With the corporate sector due to put up pounds 9bn to pounds 10bn over the next 10 years to cover the predicted shortfall, actuaries report that many finance directors are asking if they are going to have to restart or increase contributions earlier than they thought.

Though most FTSE 100 companies contacted by The Independent yesterday said it was too early to say what they would do, analysts at BZW suggested before the Budget that among the companies likely to be hardest hit by the widely predicted changes would be British Steel, ICI, Rolls-Royce, British Telecom and British Aerospace. Martin Slack, senior partner of actuaries Lane Clark & Peacock, said yesterday that companies from all sectors were concerned and had started to contact the firm.

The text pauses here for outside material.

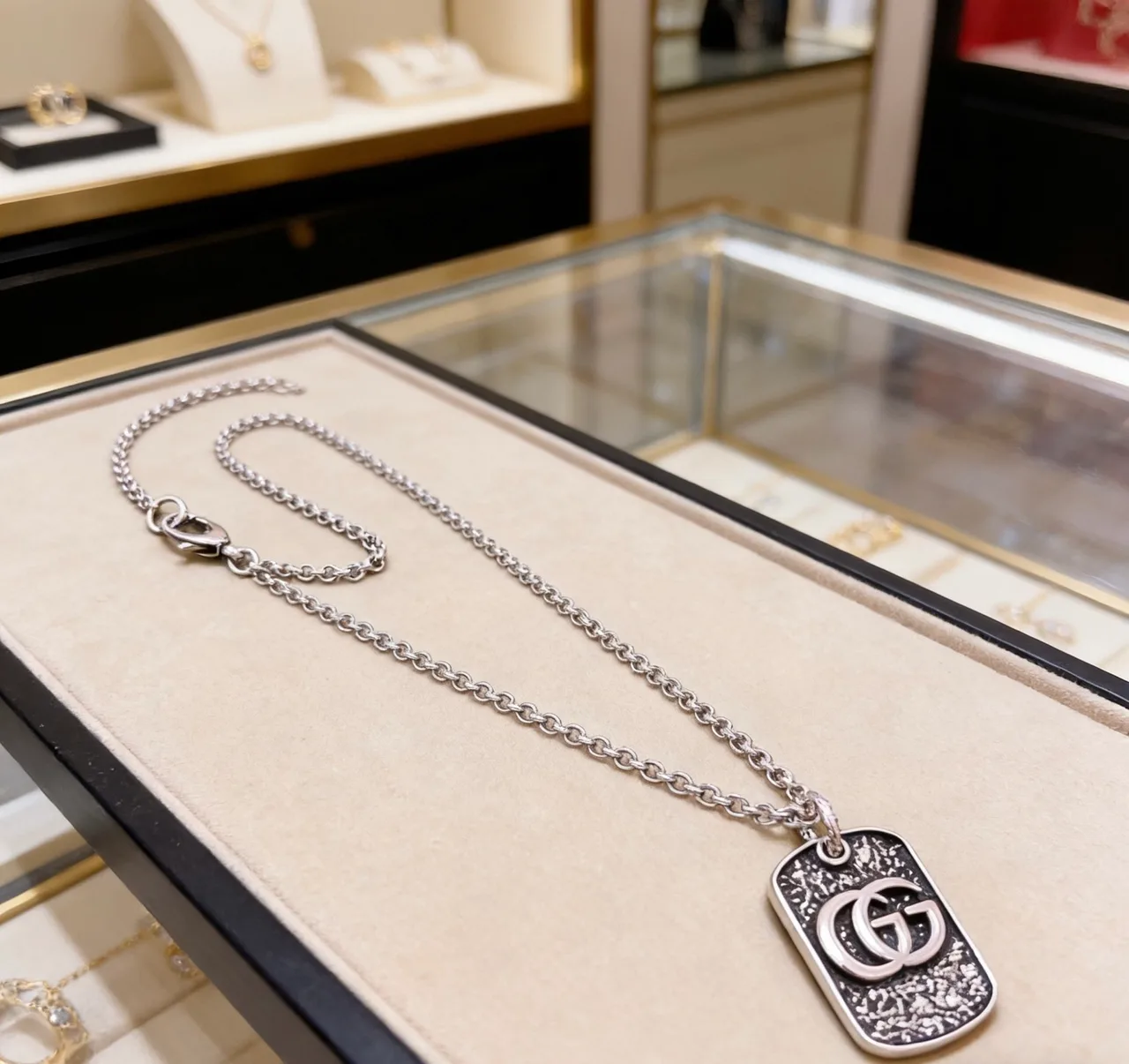 Gucci Pendant Necklace in Silver · view 3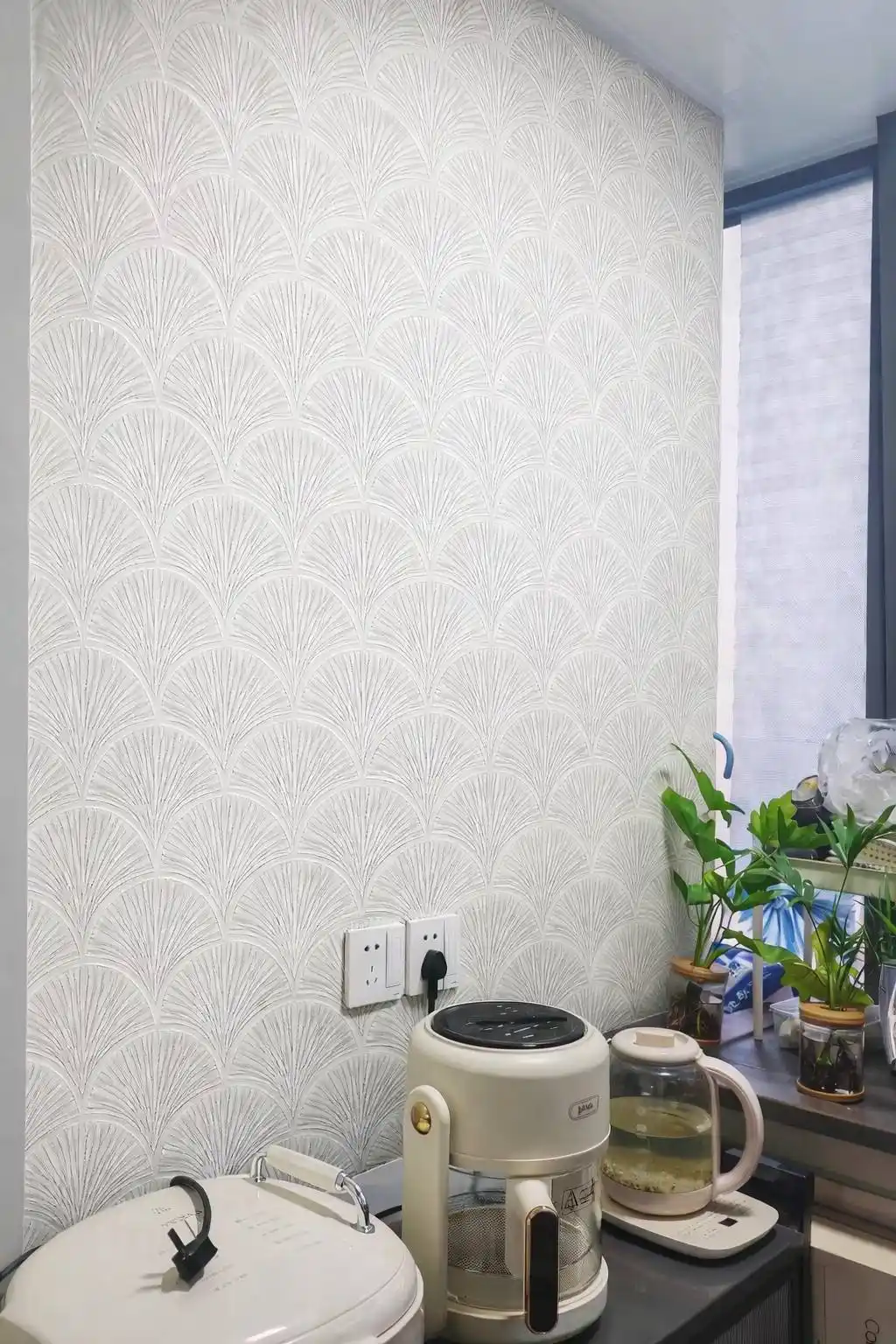 Devor uchun o‘z-o‘zidan yopishadigan 3D oboylar 60×60 sm, relyefli, och rangli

BT expects to have to top up its pension fund, while the Post Office suggested it might have to increase the price of stamps to cover an increase in contributions. But drugs companies Zeneca and Glaxo Wellcome, oil company Shell Transport and Trading and supermarkets group Asda said their funds were adequately funded for the immediate future.

The Post Office, which could see pounds 1bn knocked off the pounds 12bn value of its two funds, would not rule out an increase in the price of postage stamps as a result of the ACT move. It is seeking a meeting with the Department of Trade and Industry about how it can meet the cost, which it will find difficult despite recording record profits of pounds 577m last year. British Telecom, which had a pounds 800m surplus in 1995, is also expected to have to put further cash into its pounds 20bn pension fund.

The claims of shortfalls in pension funds brought a robust response from Alistair Darling, Chief Secretary to the Treasury. "It is not unexpected that the National Association of Pension Funds and others would pile in if any change at all were made in the system of taxation," he said.

Mr Darling claimed the combination of abolishing the dividend tax credit and cutting corporation tax would boost investment and profits and allow companies to make higher pension contributions, while the Chancellor, Gordon Brown, said: "The pension funds have very big surpluses. Indeed many companies have got pension holidays at the moment."

The reduction in tax on profits from 33 to 31 per cent was an "attempt to sugar the pill" said one financial adviser, but its benefits were far outweighed by the 1.5 to 2 per cent addition to wage costs that companies seeking to maintain pension funding would have to meet. Tax experts have also repeated suggestions that the move, which the Treasury says will raise more than pounds 5bn a year, will reduce rather than increase investment by diverting funds.

Organisations with final-salary schemes will be legally obliged to increase contributions to meet existing and future liabilities. But a further move away from final-salary schemes to money-purchase plans is widely predicted.